Lendo o jornal e correndo a net, tropecei em mais um caso de intrusão do Estado num matéria, verdadeiramente, absurda. Soube recentemente que o famigerado Ministério da Educação legislou em Outubro sobre a dimensão dos cacifos das escolas: assunto de público interesse e urgência para o aumento de qualidade do ensino português. Li esta semana a sugestão de se extinguir o Ministério da Educação – efectivamente, já foi maior o meu desacordo com a ideia.

Com dois mil e sete entrou também em vigor a lei que obriga a que os pescadores lúdicos adquiram, para o efeito, uma licença, a qual os submete a um conjunto de normas como a obrigatoriedade da distância de uma dezena de metros entre cada praticante do pacífico desporto. O governo planeia, de seguida, obrigar à aquisição de uma licença semelhante os praticantes de xadrez, malha e bisca. Será enfim tempo de estender ao Ministério das Pescas a crítica que tão recorrentemente – porque acertada – se faz ao da Educação: quem nele trabalha, decerto que não tem exercido a profissão sobre a qual legisla.

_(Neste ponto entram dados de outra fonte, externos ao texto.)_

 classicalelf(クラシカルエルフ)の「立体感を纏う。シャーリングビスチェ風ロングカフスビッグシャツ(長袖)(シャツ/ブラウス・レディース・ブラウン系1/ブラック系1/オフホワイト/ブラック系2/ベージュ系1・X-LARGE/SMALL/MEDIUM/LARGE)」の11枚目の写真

Porém, revelador desta omnipotente introdução do Estado em qualquer assunto, por muito remoto que lhe seja, é a situação, tragicómica, do novo cemitério na Póvoa do Varzim, onde, por imposição da câmara, todas as sepulturas passarão a ser tayloristicamente iguais, sem ornamentos de maior: nome do morto e jarra de flores. O lema que preside à medida, confessado pelo vereador responsável, é gaulesamente inspirado: “Iguais a nascer, iguais a morrer”.

Este é verdadeiramente o Estado Social (qual crise dele!): o Estado que acompanha o seu cidadão desde o berço (em Badajoz) até à cova (na Póvoa).